Comment est-ce possible? Pour comprendre, on a remonté le fil de la vie d'un livre. Les ouvrages tout beaux tout neufs arrivent bien empaquetés dans les commerces. Les premiers exemplaires ont la chance de sortir des cartons pour voir la lumière des néons de leur librairie d'adoption. Certains restent encore un peu, ou pour toujours, au chaud dans leur carton. Leur espérance de vie ici est à peine plus élevée que celle des aventuriers de «Koh-Lanta»: deux mois, c'est déjà pas mal. Des bouquins partent en quelques heures dans les bras d'un lecteur, mais d'autres se défraîchissent sur le bord de l'étagère.
Après plusieurs semaines, le libraire –pris dans le cercle frénétique des nouvelles sorties littéraires– estime qu'il a assez donné leur chance à ces ouvrages et qu'il faut laisser la place aux nouveaux. «Les livres sont des produits frais avec une date de péremption», ose Gilles Colleu, éditeur indépendant (éditions Vents d'ailleurs et imprimerie Yenooa), dans le rapport du Basic. Alors, le libraire les renvoie à la maison d'édition et à son distributeur pour se faire rembourser. Quand on lui demande où partent ces livres, il préfère expédier la discussion: il ne sait pas, ce n'est pas lui qui gère ça, il n'a pas le recul nécessaire...
Les invendus se retrouvent dans l'entrepôt du distributeur, bien loin de la tête de gondole où ils ont passé leurs derniers jours. Ils défilent sur un tapis roulant pour être scannés un par un. De là découle un message: soit c'est direction le pilon, soit c'est réintégration des stocks. La Sodis, un des plus importants distributeurs (filiale du groupe Madrigall de la famille Gallimard), est intransigeante sur ses critères de «livre neuf». Pour que les livres puissent regagner les stocks, il faut qu'ils soient sous un blister neuf et sans étiquette autocollante.
Heureusement, des maisons d'édition aux tirages plus modestes s'offusquent de ces critères drastiques. Elles prennent alors le temps de re-trier les ouvrages et en sauvent quelques dizaines d'une mort précipitée. Les petits veinards qui évitent le pilon peuvent repartir chez un libraire ayant commandé des exemplaires. Et c'est reparti pour un tour.
Coût du sur-stockage et image de marque à conserver
Les éditeurs misent comme au casino. Ils sondent ce qui peut plaire au public: l'ouvrage qui va finir dans toutes les listes de prix littéraires d'ici à Noël ou l'auteur qui détrônera Guillaume Musso. Lorsqu'ils jettent leur dévolu sur un titre, c'est le branle-bas de combat pour le diffuser le plus largement possible. Les livres doivent être visibles, ce qui suppose de les tirer à un certain nombre d'exemplaires, a priori le plus élevé possible.
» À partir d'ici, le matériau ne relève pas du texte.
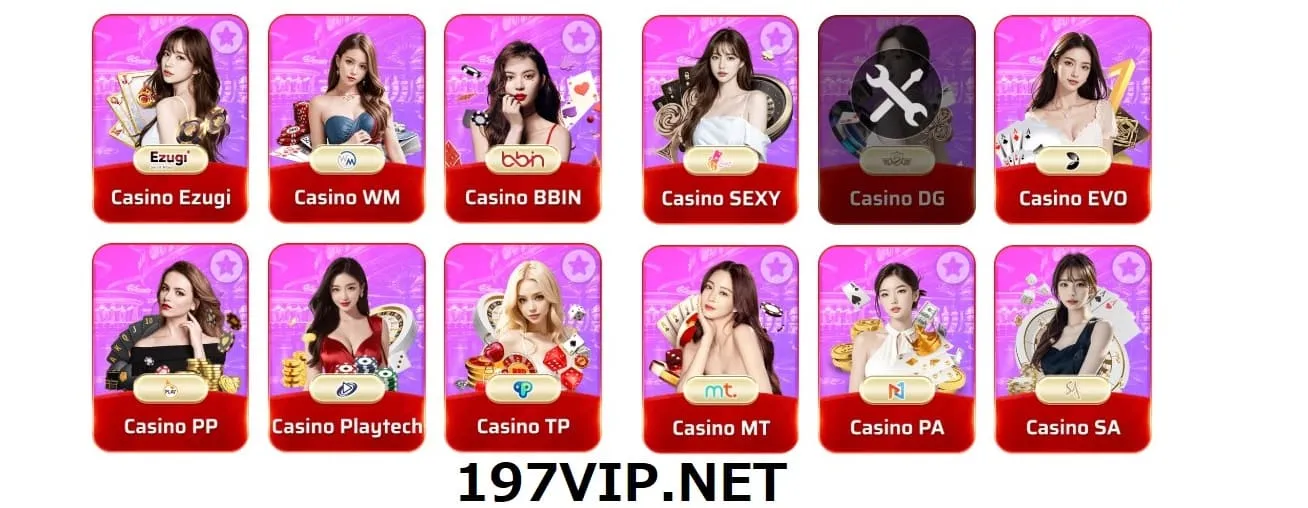casino online 197vip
Le tirage est donc souvent supérieur aux ventes escomptées pour produire un effet de masse et de présence dans les rayons. Que ce soit un titre imprimé à 5.000 exemplaires ou le dernier roman de Marc Levy, directement tiré à 250.000 ou 400.000 exemplaires, une partie de la production partira au pilon. La réussite d'un auteur produit donc autant de pilonnage que son échec.
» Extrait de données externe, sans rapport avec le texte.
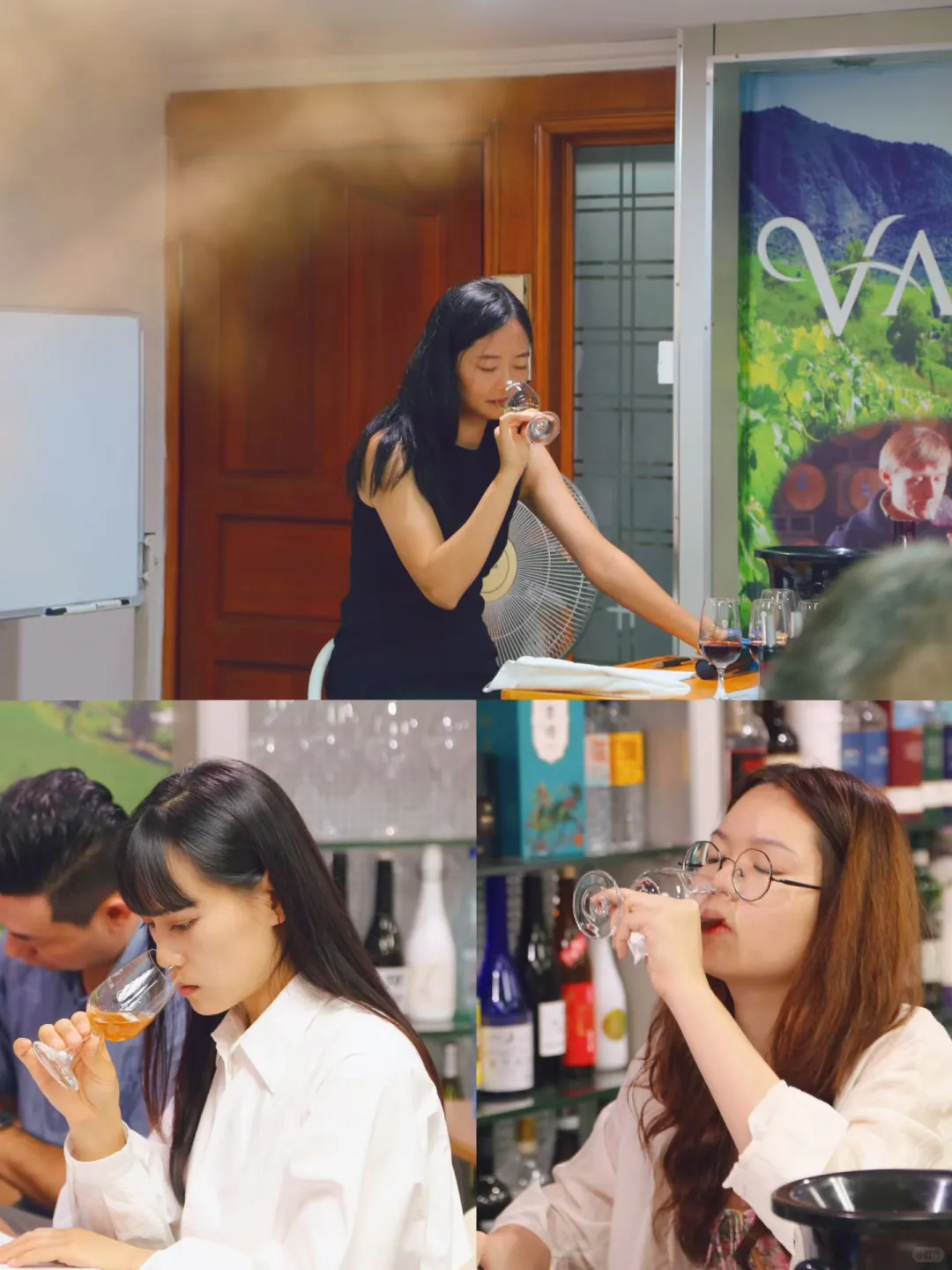 WSET三级葡萄酒☞开课预告☞召集发烧友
«Même si le pilon est du recyclage, ce n'est pas très écologique d'imprimer plus pour recycler ensuite.» Pascale Desmoulins, responsable de l'administration des ventes des éditions Quæ
Une fois que les libraires ont fait leurs retours, les éditeurs se retrouvent pris en étau. Ils ont payé les imprimeurs, doivent rembourser aux libraires les invendus et payent des frais de stockage pour ces bouquins restés à quai. En effet, c'est le distributeur qui tient les rênes: il estime le volume de livres émanant des éditeurs et les cadences de ventes.
Si ces dernières ne sont pas respectées, les maisons d'édition sont facturées pour sur-stockage. «Le taux de sur-stockage est différent en fonction de la date de parution du livre, précise Pascale Desmoulins, responsable de l'administration des ventes des éditions Quæ. Plus le titre est ancien, plus ça coûte cher. C'est pour inciter à pilonner les vieux stocks qui prennent de la place. On est une petite maison d'édition et le stockage représente entre 4.000 et 4.500 euros par an.» A contrario, le pilon est gratuit.
Autre raison du pilonnage frénétique: l'image de marque. Nombre d'éditeurs ne veulent pas retrouver leurs livres bradés chez Noz ou Action. «Hachette Livre ou Gallimard, par exemple, n'ont pas envie de voir leurs livres sur un second marché, alors ils les cèdent à des sociétés qui vont les détruire», indique un responsable (qui souhaite rester anonyme) de Solarz, une entreprise francilienne spécialisée dans le traitement et le recyclage des déchets papiers et cartons.
Direction donc le pilon. Après avoir été stockés dans des bennes, puis entassés dans un camion, le dernier trajet des livres est minutieusement chronométré. Un retard et c'est demi-tour. Il arrive même que des huissiers contrôlent le chargement, pour vérifier que les livres ne soient pas détournés et revendus illégalement. Si un Robin des Bois littéraire s'avise à dérober un ouvrage parmi les milliers de détritus, il est viré.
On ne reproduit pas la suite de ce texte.